10:00-10:50 Dev environment setup: Azure ML service Workspace and Azure Notebooks, authenticate, prepare compute (Azure ML Compute)
1. Install
  - Visual Studio Code
  - GitHub Desktop
  - (optional) Internet browser of your choice (Edge is fine, Chrome is also good)
2. Check Azure subscription
  - All attendee should be able to sign in
3. Create an AML service workspace
  - region: East US
  - resource group: new (one per person for practice)
  - after creation, check Usage + quotas, Standard NC Family vCPUs: should have 100+ available dedicated cores for this workshop (e.g., 5 people * 6 cores * 4 nodes = 120 cores)
4. (optional) Add users in Access Control (IAM)
  - FYI: Manage users and roles - create custom roles
5. From Azure ML service Workspace Overview tab, click Download config.json, save locally.
6. Set up Notebook environment.

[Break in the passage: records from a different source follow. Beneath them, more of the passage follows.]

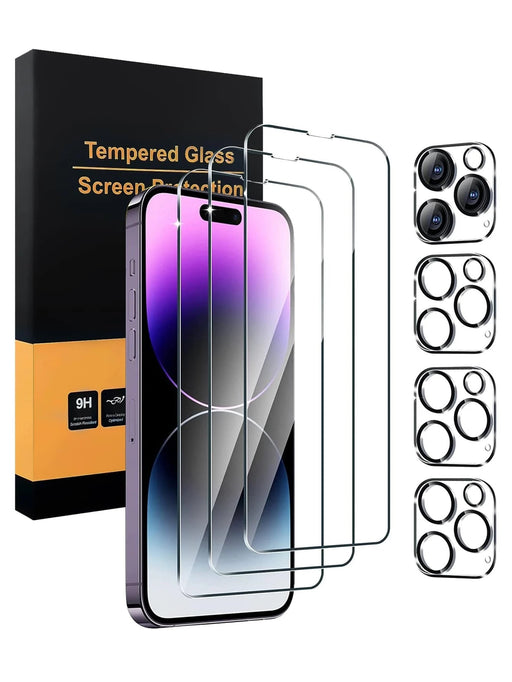 Pantalla templada de 3 piezas y película de lente de 3 piezas compatible con iPhone 11 - Quierox - Tienda Online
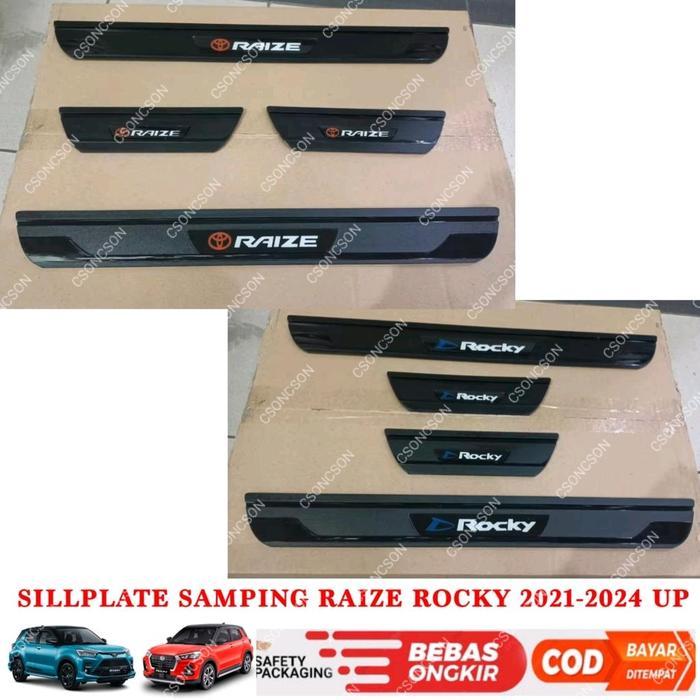 Sillplate Samping Raize Rocky 2021 2022 2023 2024 Hitam A1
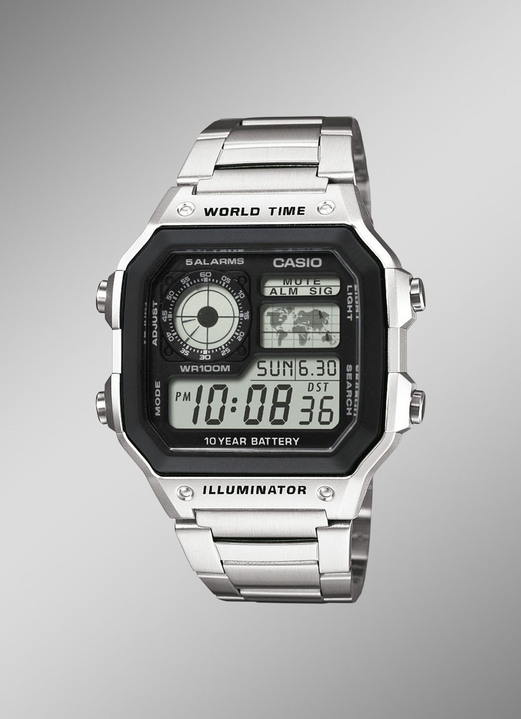 Digitaluhren - Casio Illuminator Digital-Herrenuhr, in Farbe  Ansicht 1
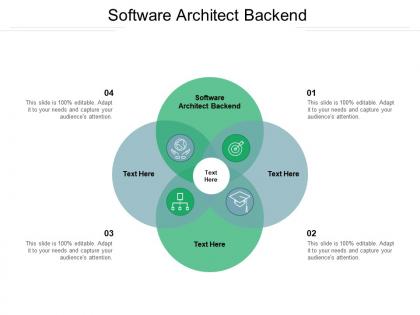 Software architect backend ppt powerpoint presentation infographics backgrounds cpb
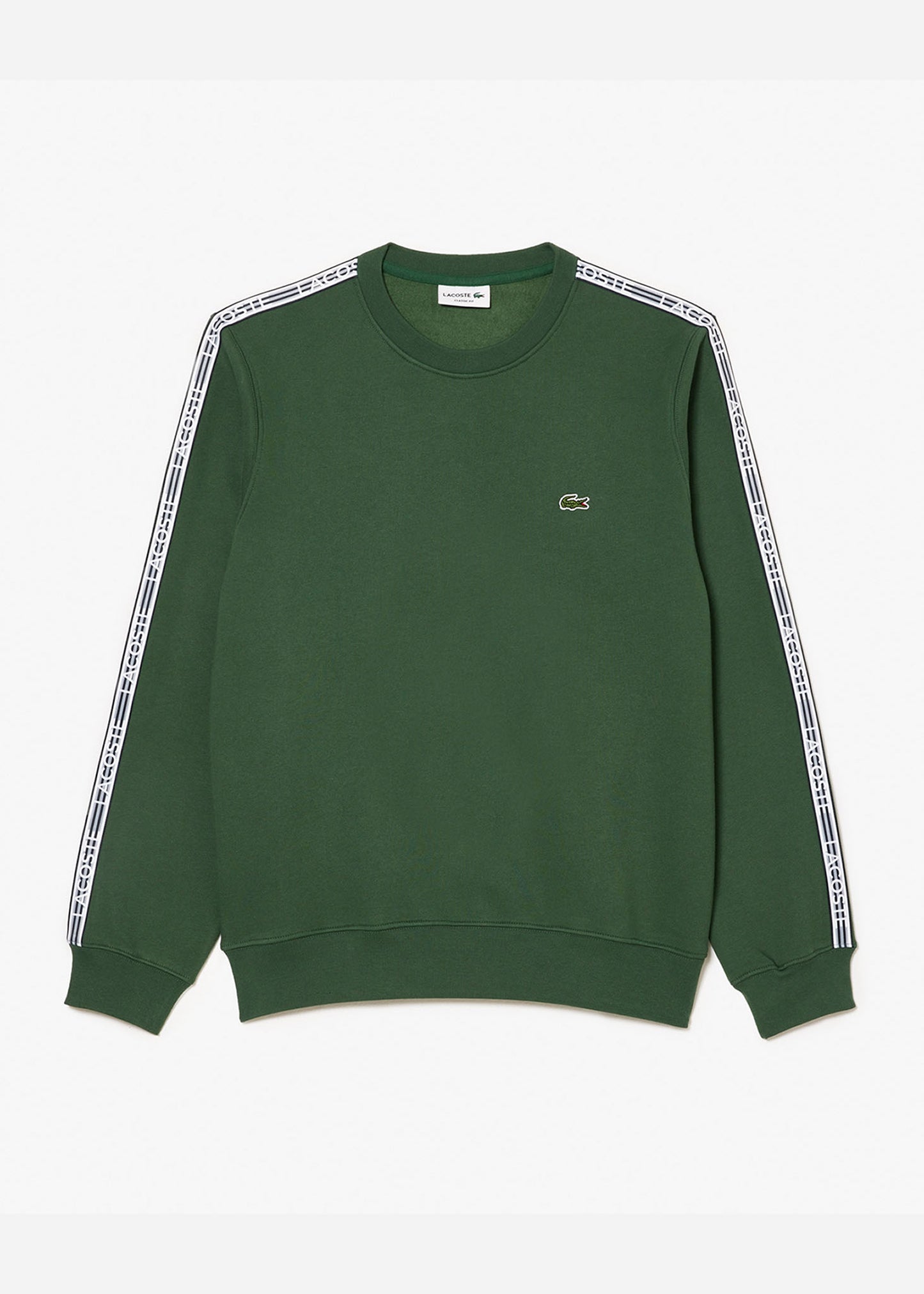 Lacoste Truien Contrast stripe sweater - sequoia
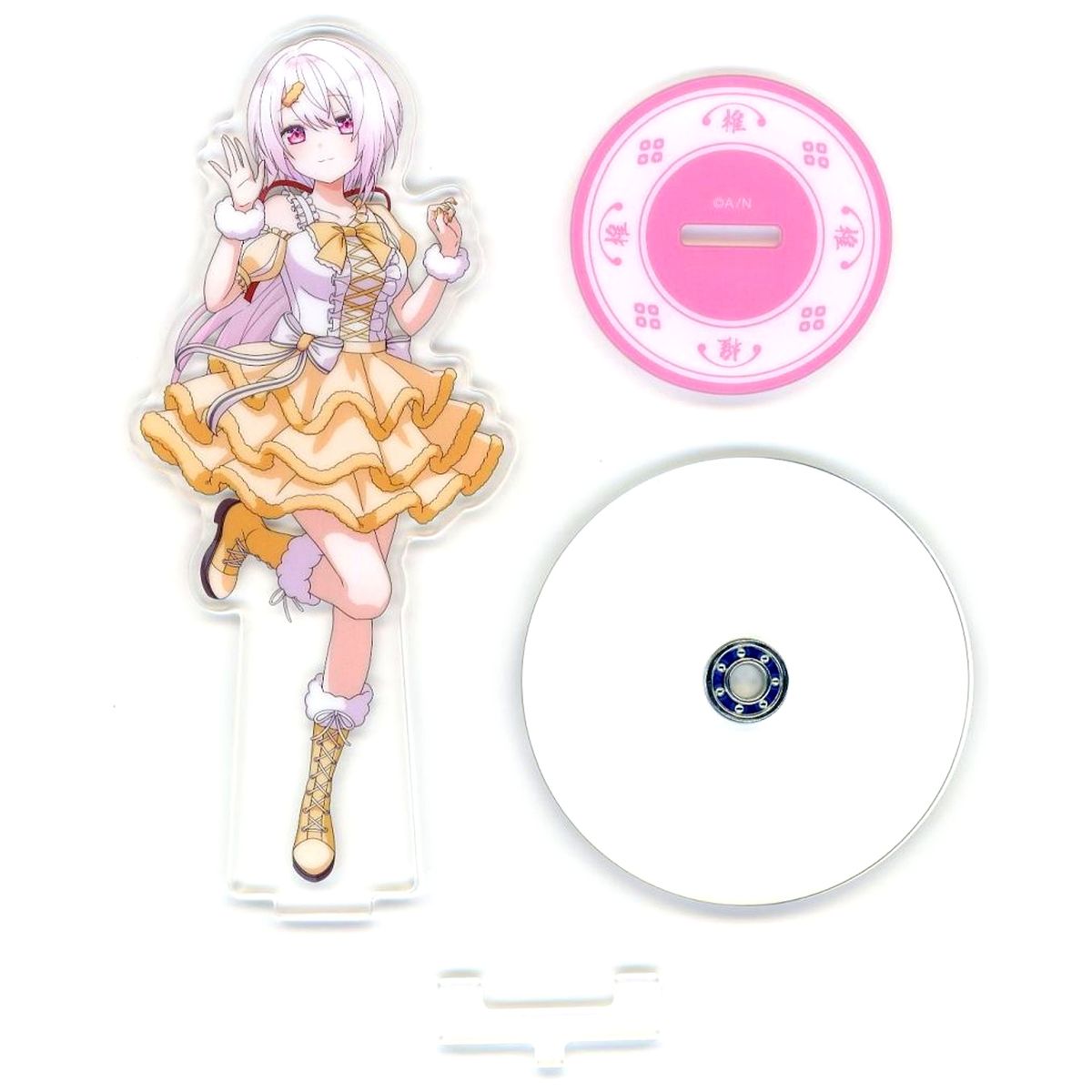 Shiina Yuika Rotating Acrylic Stand Virtual YouTuber Nijisanji SUSHIDOL PROJECT [USED]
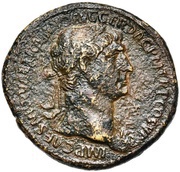 Sestertius - Trajan S P Q R OPTIMO PRINCIPI S C obverse image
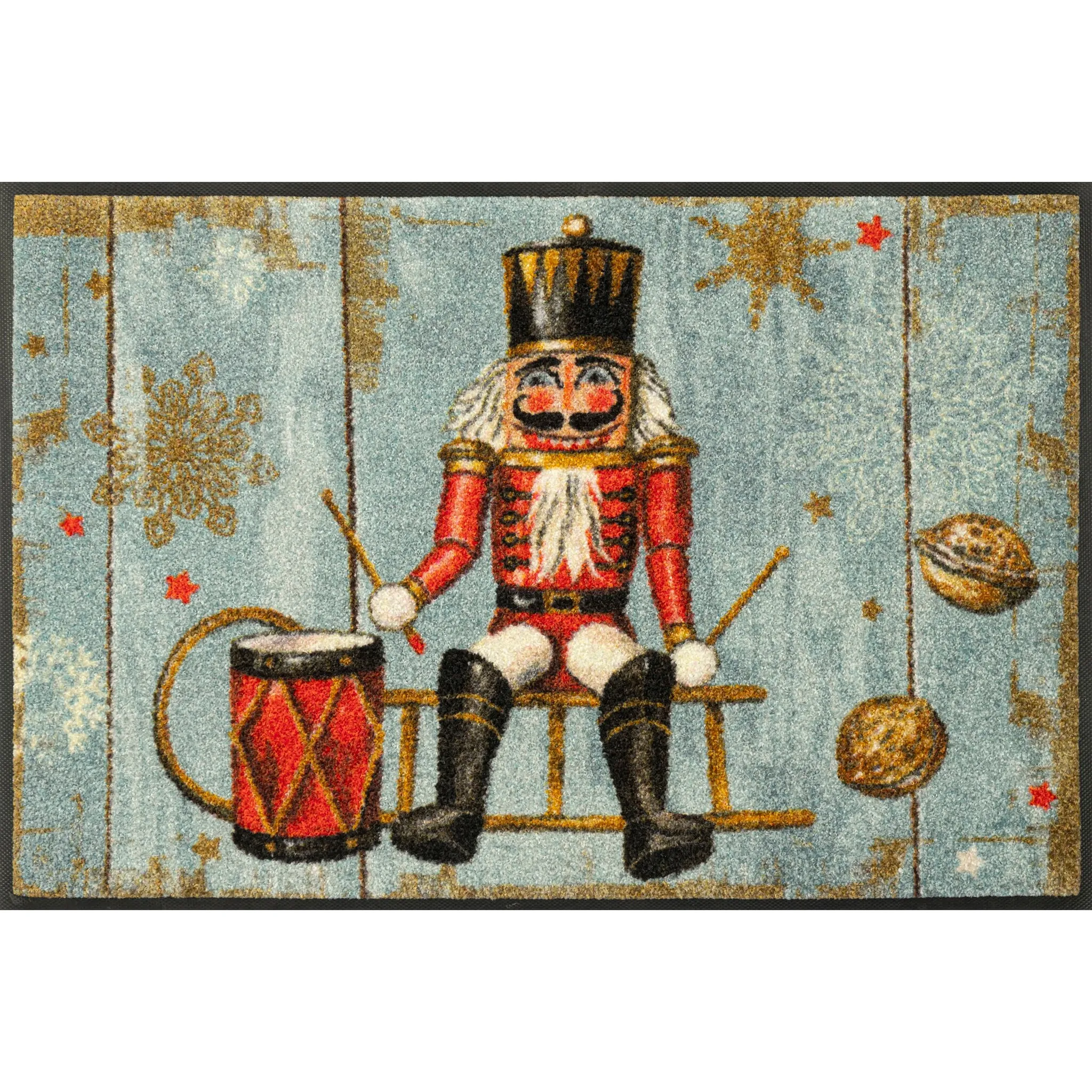 

Стирка+сушка Kleen-Tex коврик «Nut Drummer», прямоугольный, высота 7 мм Wash+Dry By Kleen-Tex, цвет bunt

In this workshop, use Option 1 to practice.
  - Option 1: using Azure Notebooks
    - Import the AML sample from GitHub
      - GitHub repo to import: https://github.com/Azure/MachineLearningNotebooks
      - private (if needed)
    - create a folder named aml_config at root of the imported project, upload the config.json file.
  - Option 2: using Notebook VMs from Azure ML service Workspace
    - go to Notebook VMs, create a new VM (STANDARD_D3_V2)
    - Click JupyterLab, click Terminal
    - From the current directory /mnt/azmnt/code/Users/, cd (or mkdir if needed), git clone with git clone https://github.com/Azure/MachineLearningNotebooks
    - Note that the config.json is already automatically added to /mnt/azmnt/, you do not need to upload it manually.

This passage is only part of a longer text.